The Syriac Apocalypse of Baruch, believed to have been written around the early 2nd Century, provides a poetic summoning whereby the connection between Lilith/Na’amah and the sirens is confirmed:

“I will call the Sirens from the sea,
And you Lilin, come you from the desert,
And you Shedim and dragons from the forests:
Awake and gird up your loins unto mourning,
And take up with me the dirges,
And make lamentation with me.”

Again, the tone of the siren’s song is a sombre lament, although the theme is one of love or desire. The ‘siren song’ represents something tempting with its allure, while possessing a quality ultimately with mortal consequences. What love song has not contained within it the threat of the lament for the broken heart, just as the gift of life brings with it the inevitable promise of death. The pang of love, while rapturous in our hearts, also causes it to ache at separation and this is the affect of the siren.

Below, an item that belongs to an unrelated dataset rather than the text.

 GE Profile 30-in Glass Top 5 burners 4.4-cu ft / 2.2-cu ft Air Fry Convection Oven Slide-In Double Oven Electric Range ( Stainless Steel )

The Iynx, or Hekate’s ‘Wheel’, is a legendary theurgical device imitating the cosmic revolutions and emitting a pitched tone. The Magi is believed to have used a cord to revolve Hekate’s Iynx like a child’s spinning top, which produces a whistle; as the device loses or gains momentum through whipping, the pitch changes imitating a droning lament of an eerie quality. Iynges also refers to the wryneck, a bird that sometimes “was the name of daemon-like entities in the Chaldean system. ”(xii) The word ‘jinx’ is derived from iynx, which belongs to a family of woodpeckers, genus picidae. When disturbed in its nest, the wryneck imitates the serpent by rotating its neck with 180 degrees rotation and hissing. Indeed, some descriptions of Hekate’s Iynx perhaps showed the image of the bird and the resultant symbology incorporates easily into the myth of the sirens.

“It is significant that the sirens… sometimes were compared to iynges because they shared with them an ability to… form a bond between invoker and invoked through sound…” (xiii)

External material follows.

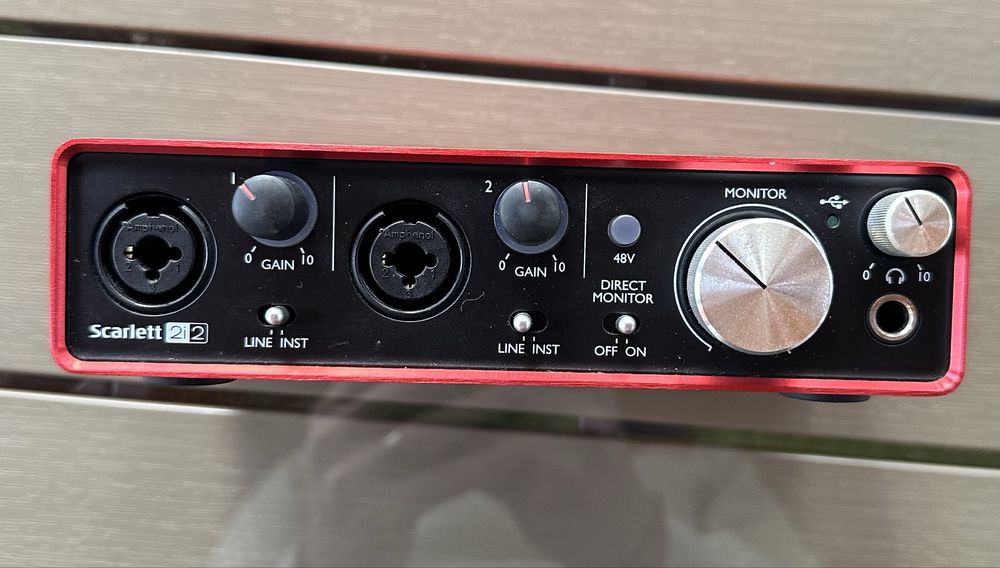 Interfață audio Focusrite 2i2 2nd gen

According to Ovid’s Metamorphosis, Book V, the sirens were companions of Persephone and their song calling to the spirit of the kore. Alternatively, the song is a dirge set up on account of the mother, Demeter, and the loss of Persephone to Hades, who contrives to take carnal mastery of her, sung during the dark winter months. Of course, during the spring Persephone ascends to join with the magna mater, the single source, and resume her place in the heavens.

Among Gnostic texts, Pistis Sophia cries out at the abuses of the ‘Self-Willed’ Archon, singing her repentance to the Light after falling through the Abyss into the realms of incarnation.

“Save me, O God, for the waters are come even unto my soul.
I sank, or am submerged, in the slime of the abyss, and power was not.
I have gone down into the depths of the sea; a tempest has submerged me.” (xiv)

Here, the sea is the reflective surface, the mirror of the soul, through which Sophia descends into the netherworld. The lament of the feminine over that which has been lost beneath the waters also occurs in folklore, such as in the Frog Prince recorded by the Grimm brothers. Here the Princess sits beneath a tree near a pool tossing a golden orb in the air and catching it. Suddenly, she misses and drops the ball into the murky bottomless waters, following which the Princess immediately sets up a lament at her loss, summoning the frog-prince that will plumb the depths and retrieve the orb.

The song of the sirens, then, is the lament of the soul at being separated from its source, the anima mundi. It is the pine for reunification, the unio mystica where a union of souls occur, an appeal to the heart of the hero who has bound himself to the vessel of the world upon the great sea of the cosmos. Ultimately, to hear the siren song is to feel the irresistible pull of the anima mundi playing the heart strings like the lyre of Orpheus. Such an encounter within the Odyssey of our own life is a lesson that the flesh may perish, but the pure soul will awaken from its slumber and endure with the anima mundi. Whilst we are advised against the wish to dive straight into the ocean in a suicidal bid to reach the island of the sirens, as one sailor did, we are reminded that the call of the siren’s is a beckoning of home; not the temporal Kingdom of Ithaca but the sacred isle to which Morgan le Fey and her company of songstresses escorted the wounded Arthur. In answer to the question, then, “What song the sirens sang”, we can offer the solution that it was the song of the soul, sung seductively by sirens, calling it back home.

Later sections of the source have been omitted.